Earlier, the Netherlands launched a UN-backed website to try to track how far rich nations, struggling with austerity, are able to keep a pledge made in Copenhagen to give poor nations $30 billion in "new and additional" climate aid from 2010-12.

Christiana Figueres, the UN's climate chief, said the cash was a "golden key" to convince poor nations that the rich were serious in taking the lead to curb global warming. Under the Copenhagen Accord, flows would surge to $100 billion a year from 2020.

So far, the website lists cash promises by six European donors including Germany and Britain and 27 recipients from Bangladesh to the Marshall Islands. Stern said Washington would submit US data in coming weeks.

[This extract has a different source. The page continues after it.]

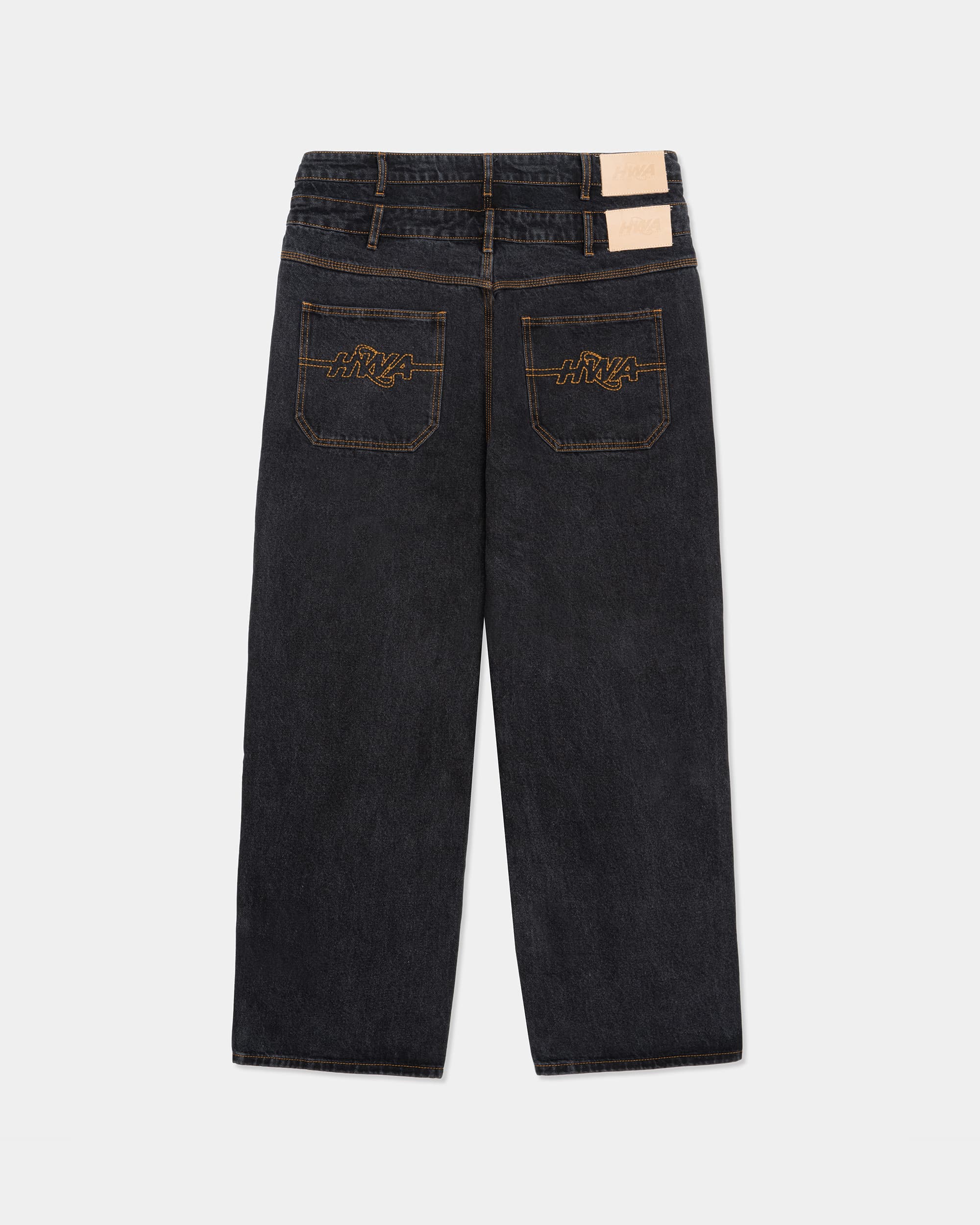 Double Belt Denim - Black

Many of the developing nations' sites, listing cash received, are blank.

(EurActiv with Reuters.)

Réactions : 

The European Network on Debt and Development (Eurodad) called on European governments to build on a Dutch government initiative to track aid commitments and integrate global transparency standards for climate finance.

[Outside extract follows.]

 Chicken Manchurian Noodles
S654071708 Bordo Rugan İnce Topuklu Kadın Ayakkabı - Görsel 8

The civil society organisations argued that comparable standards are needed to prvent double counting previous commitments against new climate pledges.

"We welcome efforts to improve access to information on climate finance commitments, but the new web site does not meet the minimum standards of transparency needed to ensure that these funds can be tracked and used effectively," said Nora Honkaniemi, advocacy officer at Eurodad.

The standards should establish what qualifies as climate financing and define what money counts as new and additional, the NGOs said.

Moreover, they should be compatible with emerging aid transparency standards being developed in the International Aid Transparency Initiative and provide comprehensive information "covering the full range of channels, policy, terms and conditions, allocations and disbursements, details of transactions, and governance arrangements of the climate funds," they added.

Prochaines étapes : 
  • 4-9 Oct. 2010: Next round of talks in Tianjin, China.
  • 9 Nov.-10 Dec. 2010: UN climate conference in Cancún, Mexico (COP16). Objective is to advance negotiations on basis of Copenhagen Accord. No binding agreement is expected.
  • 28 Nov.-9 Dec. 2011: UN climate conference in South Africa (COP17). Possible date for approving new international climate treaty. 
Contexte : 

The Copenhagen UN climate change conference in December 2009 was designed to outline a new international treaty to replace the Kyoto Protocol, which expires in 2012.

But after two weeks of extenuating talks, world leaders delivered an agreement that left Europeans "disappointed" as it did not include binding commitments to cut greenhouse gas emissions (EurActiv19/12/09).

The result was a minimalist deal, called the 'Copenhagen Accord', which confirmed that deep cuts in global emissions "will be required" to maintain global temperature increases below 2°C and that countries will take action to achieve this.

The next high-level round of talks in Cancún at the end of the year is now hoped to deliver the necessary architecture for issues like adaptation, mitigation, finance, reducing emissions from deforestation (REDD), and monitoring, reporting and verification (MRV).